想想以前那些年,老二惯会来这套,老头子因为他揍了老大他们好几次,她以前都没发现。这次纪薇把事儿往老二身上说,她才看透这个老二。
老太太越想越气,一口喝光麦乳精,沉声道:“行!今天下工就分!”
纪薇把碗刷了,回屋休息,想想刚刚那番话,她好像恶毒女配啊。哈哈哈,纪薇自己笑得不行,感觉好像角色扮演,又拿出镜子好好照了照,决定隔一段时间就换个造型,要把这个年代的特色造型都体验一遍,拍照留念!
老太太做了决定也不纠结,把鸽子汤炖上就回屋清点家产,在废报纸上写写画画列清单,她不识字,写的都是只有她自己才能看懂的符号,不过数目是半点不差的。
纪燕闻到香味就觉得老太太又给纪薇开小灶,皱眉琢磨怎么才能让老太太同意分家。可是她没有说话权,爹娘又不重视女孩,不愿意分出去,想说服他们太难了,就算她能赚到很多钱,爹娘也还是觉得她要嫁到别人家,以后靠不上。
可惜她学习很差,要不只要忍一年,考上大学,她就能自己去大城市过好日子去了。不过大学不重要,赚钱才重要,只要能嫁给廖城,她就是省城首富的当家太太,那才是顶顶重要的。
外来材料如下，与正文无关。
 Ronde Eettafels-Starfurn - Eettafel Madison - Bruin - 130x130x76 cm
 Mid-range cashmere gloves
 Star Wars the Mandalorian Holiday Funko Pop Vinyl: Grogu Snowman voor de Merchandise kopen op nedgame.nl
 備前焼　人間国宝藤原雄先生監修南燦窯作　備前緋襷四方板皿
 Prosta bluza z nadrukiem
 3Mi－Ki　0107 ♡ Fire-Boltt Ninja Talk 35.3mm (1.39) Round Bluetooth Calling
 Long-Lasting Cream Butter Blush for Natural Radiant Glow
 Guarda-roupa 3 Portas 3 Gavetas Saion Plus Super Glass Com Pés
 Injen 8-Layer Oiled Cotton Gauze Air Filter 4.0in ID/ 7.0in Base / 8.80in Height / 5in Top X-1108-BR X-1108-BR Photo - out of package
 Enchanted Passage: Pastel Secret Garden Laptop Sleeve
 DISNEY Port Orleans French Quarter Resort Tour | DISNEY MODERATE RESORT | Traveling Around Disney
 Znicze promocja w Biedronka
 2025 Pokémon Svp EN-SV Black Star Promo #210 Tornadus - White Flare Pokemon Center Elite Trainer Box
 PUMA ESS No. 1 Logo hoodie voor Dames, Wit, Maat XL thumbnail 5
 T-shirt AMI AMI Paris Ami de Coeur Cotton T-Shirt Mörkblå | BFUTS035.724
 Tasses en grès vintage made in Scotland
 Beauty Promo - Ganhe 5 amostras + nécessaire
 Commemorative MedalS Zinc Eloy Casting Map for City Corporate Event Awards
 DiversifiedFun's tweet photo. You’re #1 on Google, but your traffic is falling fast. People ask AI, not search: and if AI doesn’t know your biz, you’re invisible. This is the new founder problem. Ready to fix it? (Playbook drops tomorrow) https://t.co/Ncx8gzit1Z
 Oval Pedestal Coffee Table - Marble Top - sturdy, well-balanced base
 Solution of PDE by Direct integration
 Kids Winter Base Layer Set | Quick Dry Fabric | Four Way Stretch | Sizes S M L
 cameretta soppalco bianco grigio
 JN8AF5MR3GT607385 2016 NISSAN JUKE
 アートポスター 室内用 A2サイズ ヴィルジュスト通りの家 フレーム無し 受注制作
就是牛棚环境太差了,过几年廖老爷子才能平反,廖城才能好好做生意,难道她要跟着他们在牛棚吃苦受罪?
纪燕忽然眼睛一亮,想到主意了!她可以让廖城入赘啊!虽然这边几乎没有入赘的,但她记得廖老爷子这个冬天会病得很重,牛棚又艰苦,她有信心说服廖城带着爷爷入赘,反正只是名义上的,她什么都以他为主就好了。
这样一来,她还是不分家更好,和一大家子一起住,廖城才能更好地融入村里,不被人指指点点。
一时间,纪燕已经想好结婚后的房屋分配了,她和廖城住她现在的屋,廖爷爷就住纪薇的屋,纪薇就是那个唯一的眼中钉,只要把纪薇嫁出去就好了!
纪燕想到就做,又写了张小纸条约林强在知青点后面的树林里见面,落款写上纪薇的名字。这次她一定要把握机会,把别的知青和嘴碎的婆子都引过去,来个当场撞破,到时候有小纸条和林强在,纪薇怎么否认也没用。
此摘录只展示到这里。